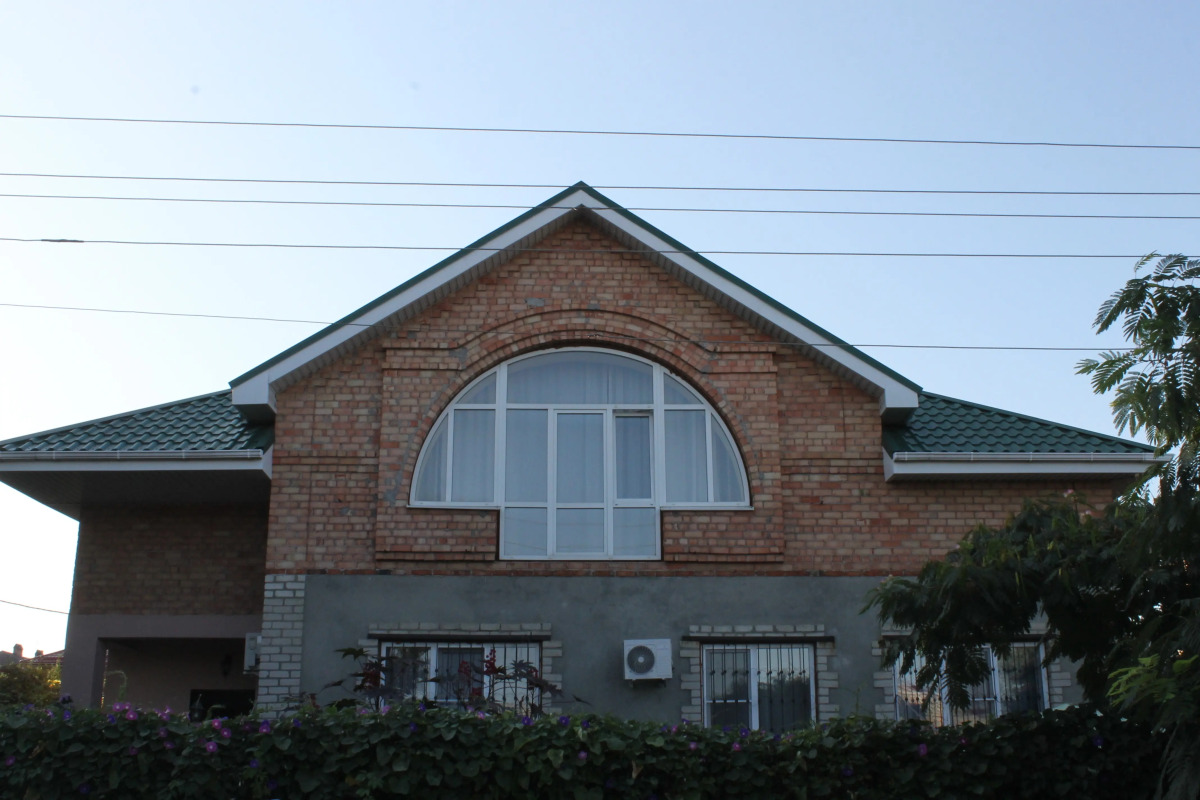 Частный дом Таунхаус со своим двором Кубанский Дворик 1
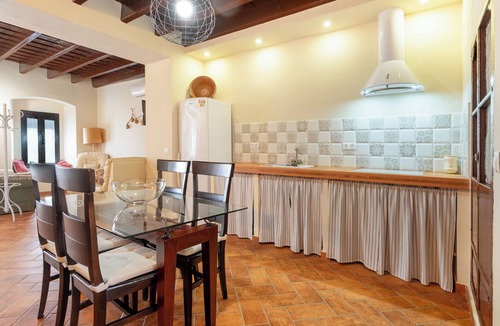 Salteras House | Holiday Home 'Casa Del Estanco' with Private Terrace, Wi-Fi and Air Conditioning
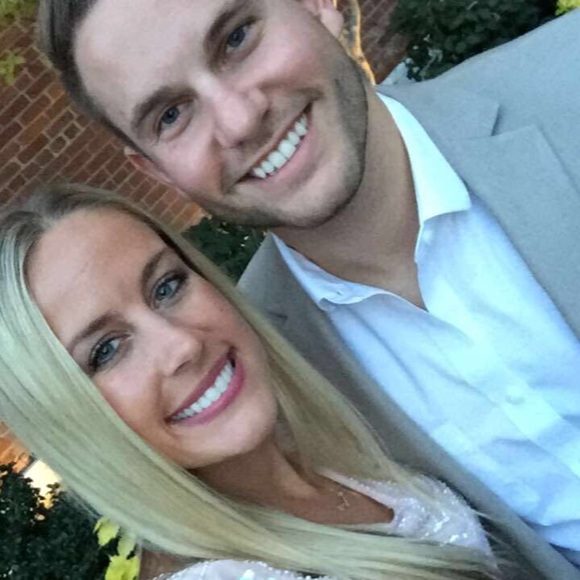 Meet your Posher, Megan - Picture 3 of 7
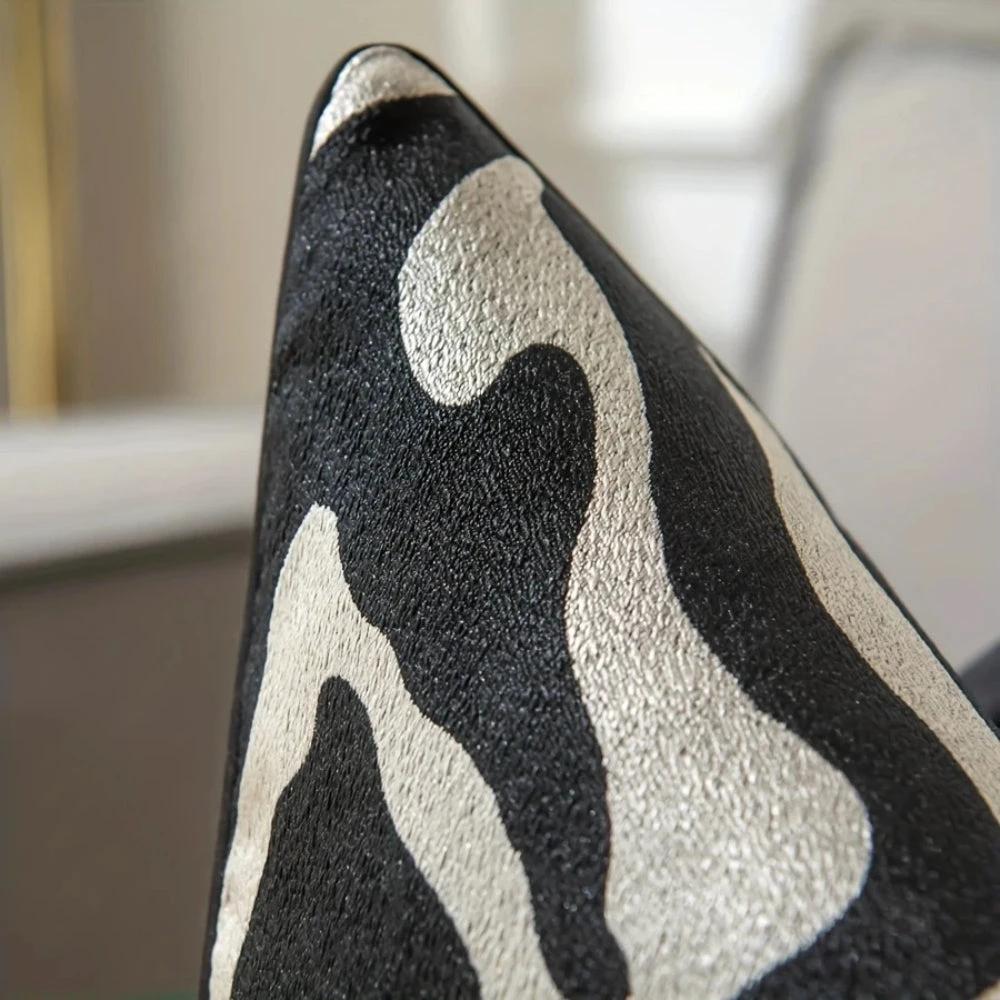 Auric Gilded Luxury Cushion Cover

ACTIVITY =>
Repeat each line above exactly. The pictures stay out.

RESPONSE BOX =>
 Частный дом Таунхаус со своим двором Кубанский Дворик 1
 Salteras House | Holiday Home 'Casa Del Estanco' with Private Terrace, Wi-Fi and Air Conditioning
 Meet your Posher, Megan - Picture 3 of 7
 Auric Gilded Luxury Cushion Cover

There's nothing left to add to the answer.